Hamburg. In „Nico“ spielt Sara Fazilat eine junge Frau, die nach einem Überfall ins Leben zurückfindet. Es geht um Fremdenhass und Angst.
Was für ein ausdrucksstarkes Gesicht. Welche Lebensfreude spiegelt sich darin. Und was für ein Schock, als diese dann erlischt! Nico (Sara Fazilat) ist eine junge Altenpflegerin in Berlin. Liebevoll behandelt sie ihre Pflegefälle, nimmt auch Teil an deren Leben. Schlechte Energien weiß sie gewitzt und selbstbewusst zu parieren. Eine patente Frau, die mit Freunden gern auch mal spontan im Park feiert.

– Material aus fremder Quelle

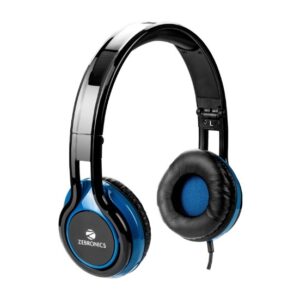 Zebronics H-HEADPHONE WITH MIC  - sozo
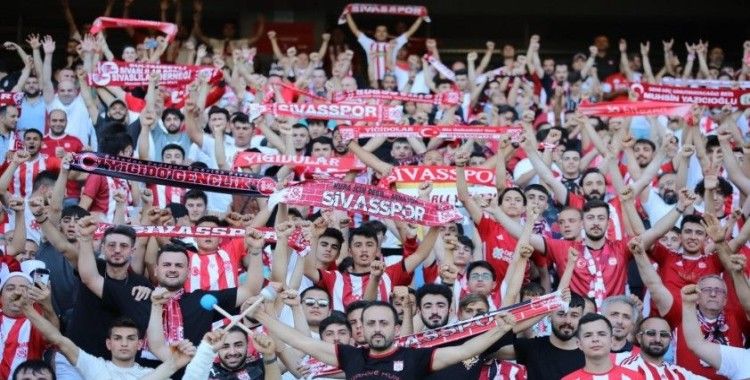 Sivasspor Gaziantep FK maçının biletleri satışta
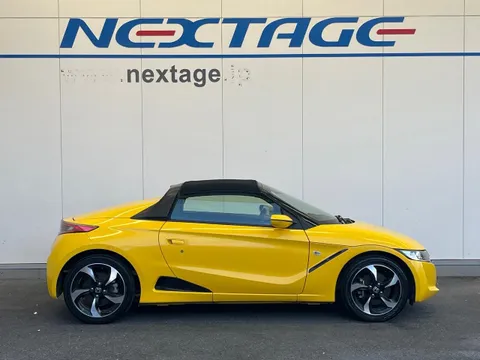Honda S660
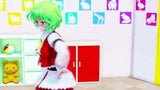 MMD R-18 Touhou snapshot 15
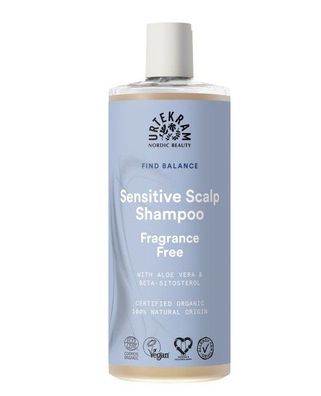 Urtekram - Fragrance Free Shampoo - 500 ml
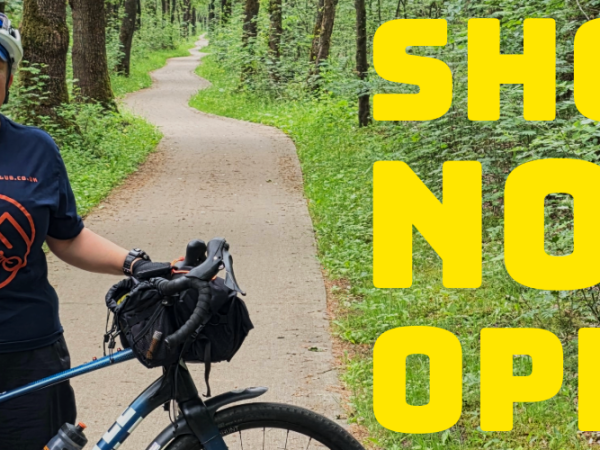 Shop Now: Get Your Bicycle Adventure Club Tee Shirts!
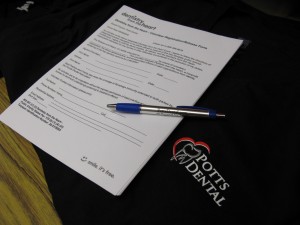 Volunteer Registration Form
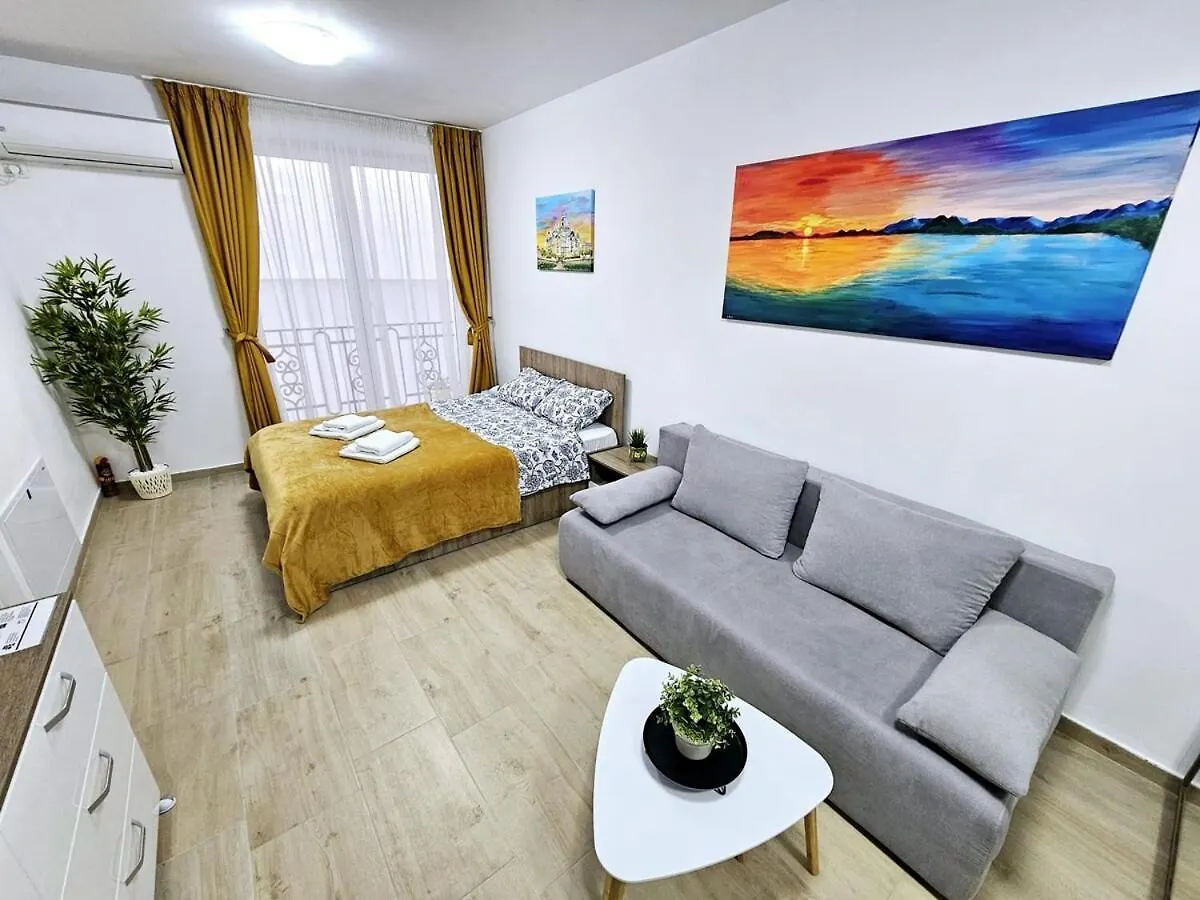 Apartment Modern & Cozy Studio Cismigiu Park - Pop6 Bucharest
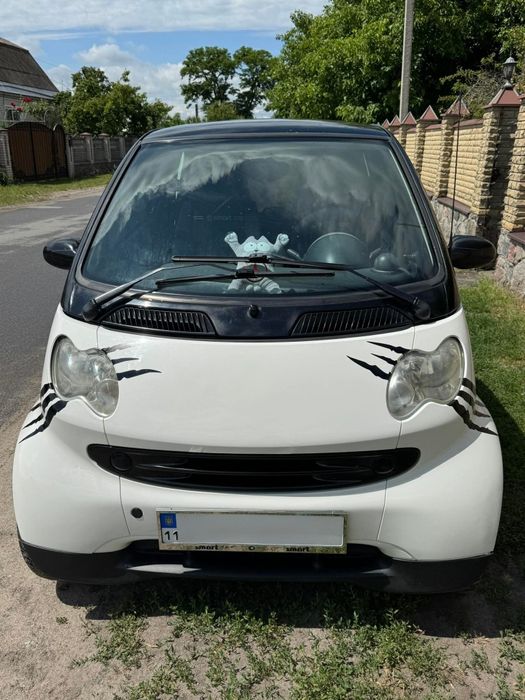 Smart Fortwo 2003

Just nach einer solch ausgelassenen Stunde aber wird sie auf dem Nachhauseweg von drei Jugendlichen angepöbelt, diskriminiert und dann brutal verprügelt. Schwer erträgliche Momente, bis auch die Kamera das Bewusstsein zu verlieren scheint und erst wieder im Krankenhaus zu sich kommt. Es ist das, was man gern einen fremdenfeindlichen Übergriff nennt. Was für ein schrecklicher Euphemismus.
Nico ist nur noch ein verängstigtes Wesen
Danach ist die Deutschperserin nicht mehr dieselbe. Mit Hoody und Basecap schirmt sie sich gleich doppelt ab vor der Welt, geht kaum mehr nach draußen und starrt nur noch zu Boden, weil sie keinem mehr in die Augen zu blicken wagt. Da ist nichts mehr von der alten Nico, nur noch ein ängstliches, tief verunsichertes Wesen. Bis sie eines Tags in eine Karateschule geht, wo sie lernen will, sich selbst zu verteidigen. Vor allem aber, wieder Vertrauen zu sich selbst zu fassen. Ein wörtlicher Kampf zurück ins alte Leben.
„Nico“ ist ein wirklich erfrischendes, rohes, starkes Stück Kino. Und eine große Entdeckung des Kinojahrs 2021. Bei seiner Premiere beim Filmfestival Max Ophüls wurde die Hauptdarstellerin Sara Fazilat als bester Schauspielnachwuchs ausgezeichnet. Bei den First Steps gab es den No Fear Award. Und dann eröffnete der Film auch noch das Achtung Berlin Festival. Nun kommt er endlich ins Kino.
Es geht um Fremdenhass und Selbstermächtigung
„Nico“ überzeugt vor allem, weil er so authentisch ist. Sara Fazilat hat selbst das Drehbuch geschrieben, zusammen mit Francy Fabritz und Regisseurin Eline Gehring, ihren Kommilitoninnen bei der Deutschen Film- und Fernsehakademie Berlin. „Nico“ war ihr Abschlussfilm, den sie auch mitproduziert hat und der ganz auf sie zugeschnitten ist. Dieses Gesicht muss man sich merken. Sara Fazilat haut einen um. Und zwar buchstäblich. Sie spielt eigentlich gleich drei Rollen auf einmal: erst die Lebensfrohe, dann die panisch Verschreckte und schließlich die, die sich ihren Platz im Leben zurückerstreitet.
Dabei ist das Debüt kein eindimensionaler Ertüchtigungsfilm à la „Karate Kid“, sondern ein vielschichtiges Drama, das viel erzählt über Fremdenhass, Traumabewältigung und Selbstermächtigung. Wie nebenbei werden auch andere Themen gestreift. Etwa wenn Nico und ihre beste Freundin Rosa (Javeh Asefdjah) beiläufig von Deutsch ins Farsi wechseln und über das Tragen von Kopftüchern reden. Oder wenn diese Rosa in wenigen Andeutungen als lesbisch gezeichnet wird. Nebenrollen sind mit Laien besetzt, Pflegepatienten etwa spielen sich selbst. Dadurch atmet der Film eine ganz andere Glaubwürdigkeit.
In Hollywood gäbe es zum Schluss eine erneute Konfrontation, mit vertauschten Kräfteverhältnissen. Aber so simpel ist dieser Film eben nicht gestrickt. Dafür macht er zarte Andeutungen, die doch Hoffnung geben.